* **EXERCISE DETAILS**: Would you reproduce exactly, and only, the lines starting at the one with "Vintage Art Deco" and ending at the last line of the data, with both included? Leave the pictures out.

* **DATA SEGMENT**:
BEGIN
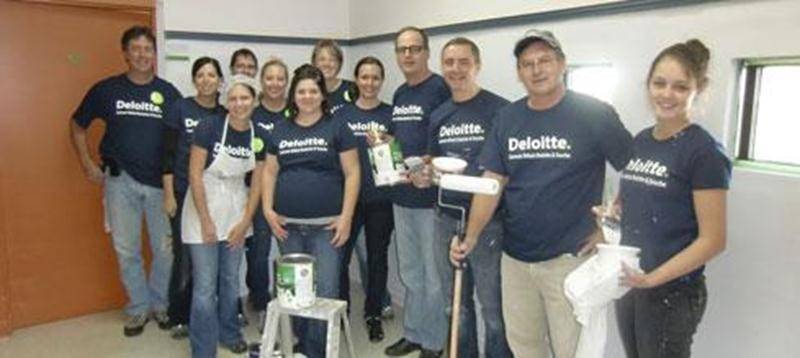 Le Centre de Bénévolat de Saint-Hyacinthe tient à remercier spécialement les onze employés de la compagnie Samson Bélair/Deloitte & Touche qui sont venus lui prêter main-forte le 28 septembre dans le cadre de la Journée Impact organisée annuellement par cette compagnie. À cette occasion, plusieurs personnes ont collaboré à la préparation et à la distribution des repas à l’Accueil Fraternel et à la Popote Roulante, tandis que d’autres ont fait valoir leurs talents dans la peinture des locaux de l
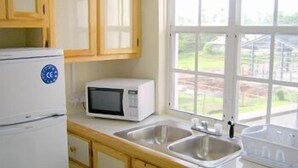 Superior Single Room | Private kitchen | Full-size fridge, microwave, oven, stovetop - Lucy Inn (Portsmouth)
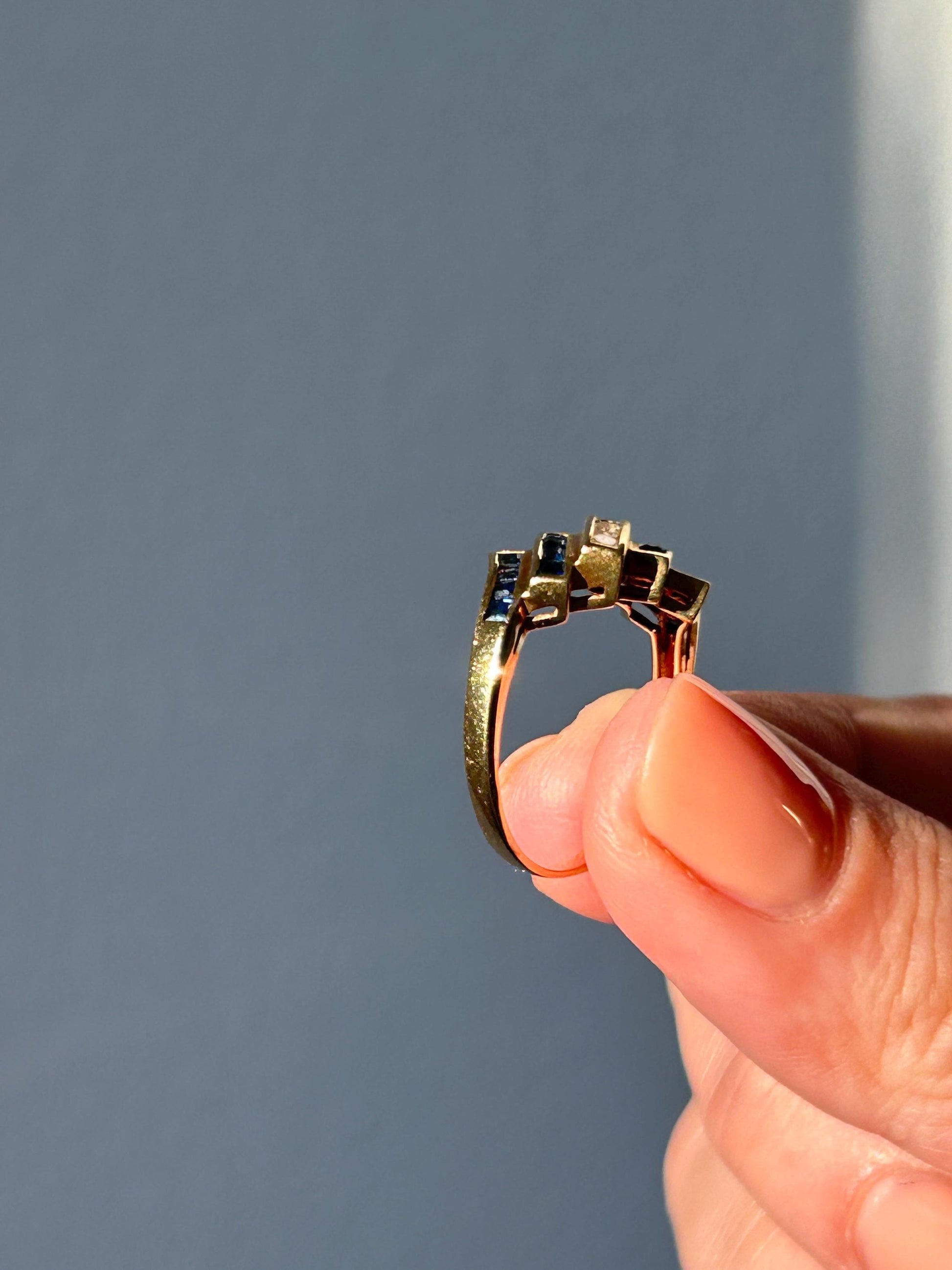 Vintage Art Deco Inspired 18k Gold Diamond & Sapphire Ring - Geometric Zig Zag Design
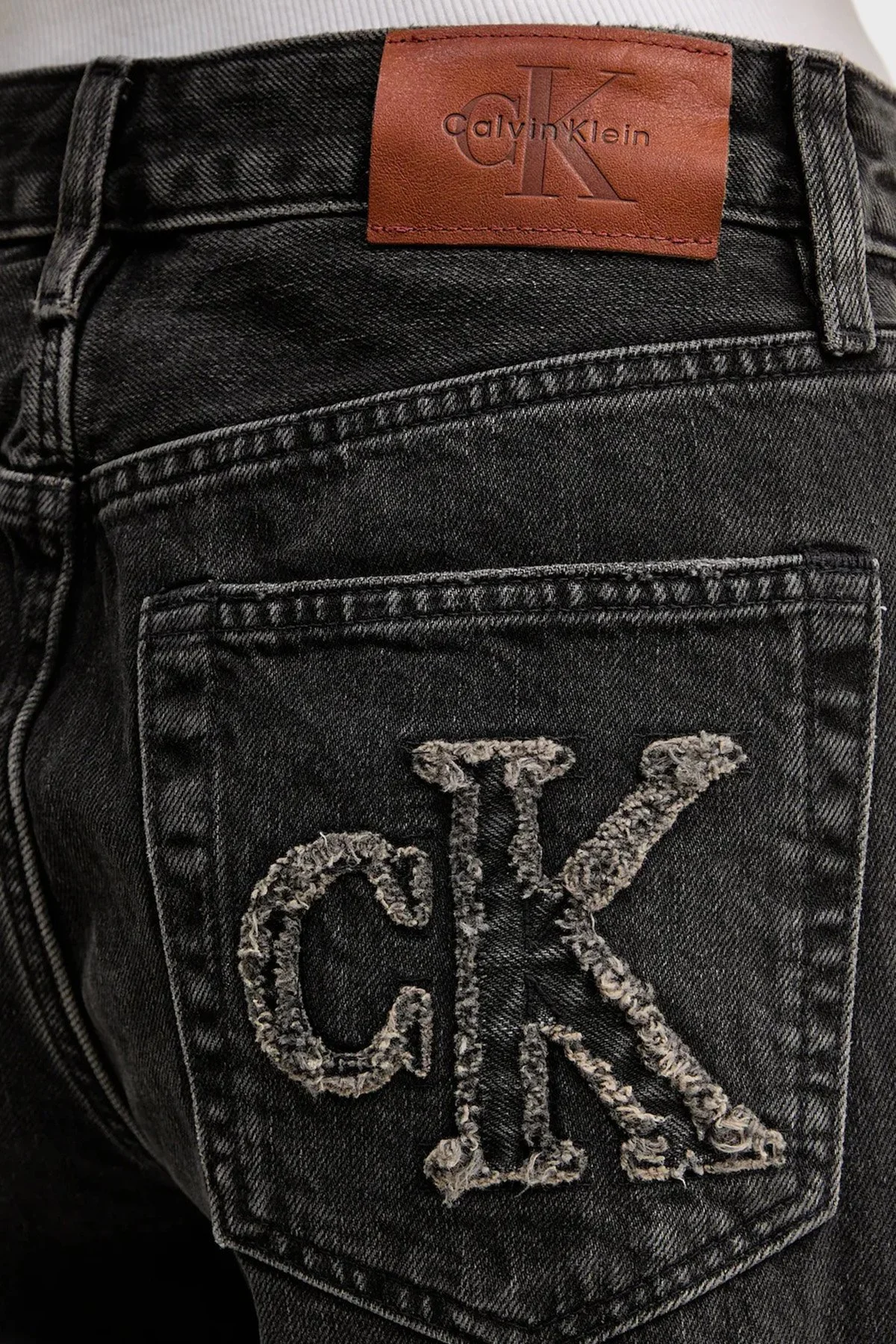 Calvin Klein Pamuklu Relaxed Fit Normal Bel Düz Paça Jean LV047E905G7KL Bayan Kot Pantolon LV047E905G 7KL SİYAH - 4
END
* **RESPONSE FOR THIS EXERCISE**:
 Vintage Art Deco Inspired 18k Gold Diamond & Sapphire Ring - Geometric Zig Zag Design
 Calvin Klein Pamuklu Relaxed Fit Normal Bel Düz Paça Jean LV047E905G7KL Bayan Kot Pantolon LV047E905G 7KL SİYAH - 4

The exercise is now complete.